EXERCISE -> Taking only the lines of the data below from the line with "3-Day Tremisana/Treehouse Kruger Park Safari" to the line with "приют для котят", ends included, write them out exactly and without pictures.

GIVEN RECORDS ->
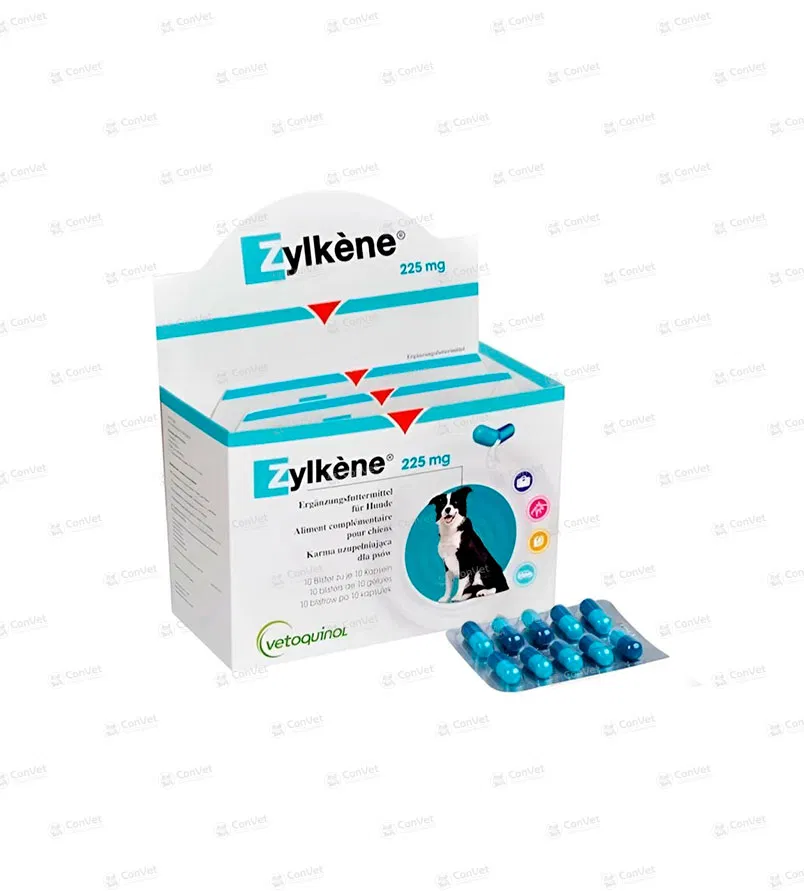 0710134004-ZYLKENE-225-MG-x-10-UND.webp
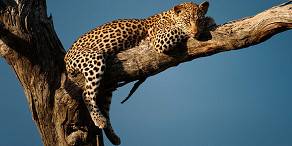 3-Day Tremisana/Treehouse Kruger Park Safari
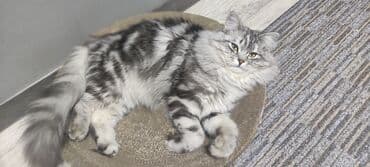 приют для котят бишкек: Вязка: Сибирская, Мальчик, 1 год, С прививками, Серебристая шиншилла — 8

--

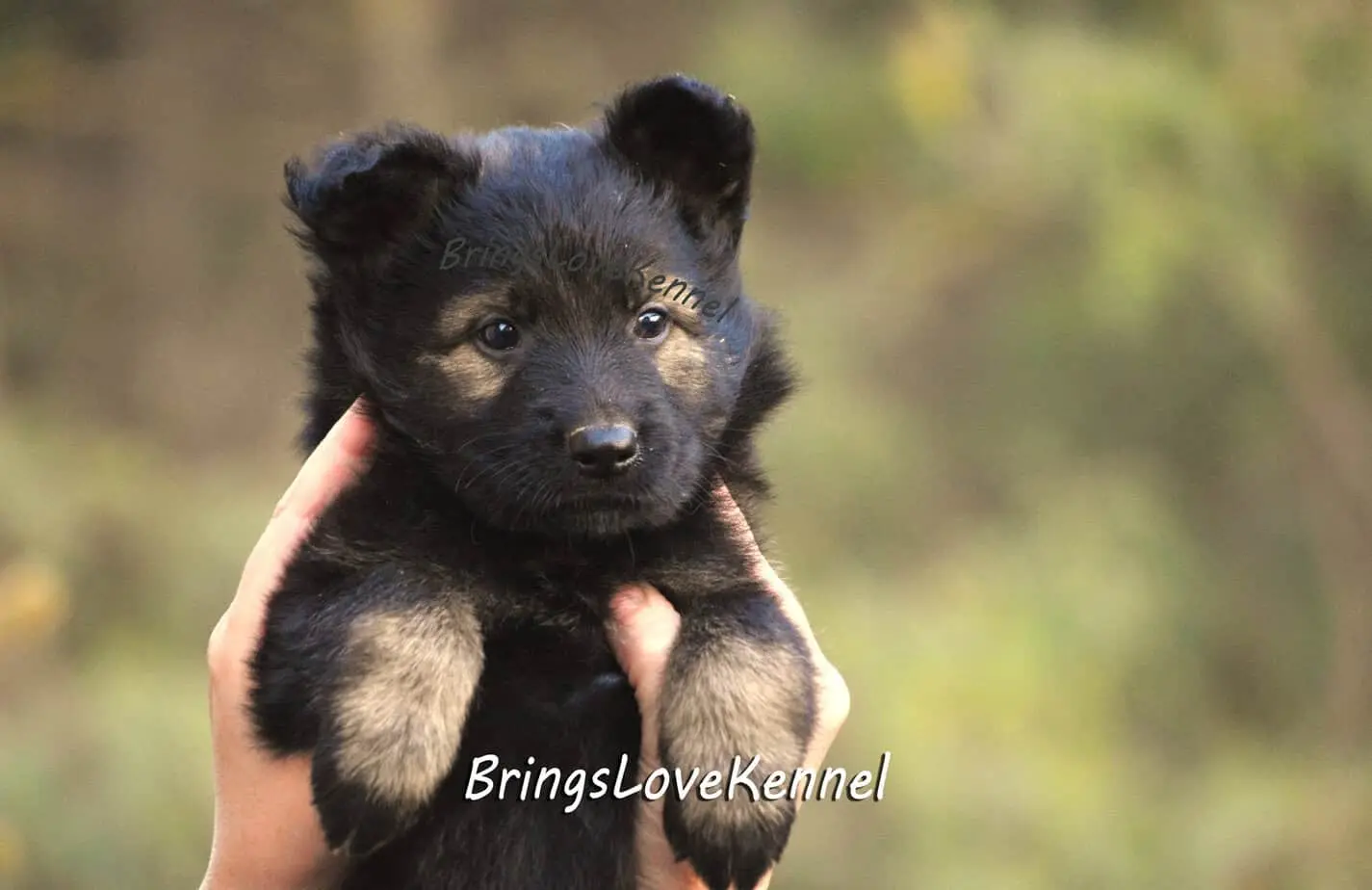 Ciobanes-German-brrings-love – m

ANSWER AREA ->
 3-Day Tremisana/Treehouse Kruger Park Safari
 приют для котят бишкек: Вязка: Сибирская, Мальчик, 1 год, С прививками, Серебристая шиншилла — 8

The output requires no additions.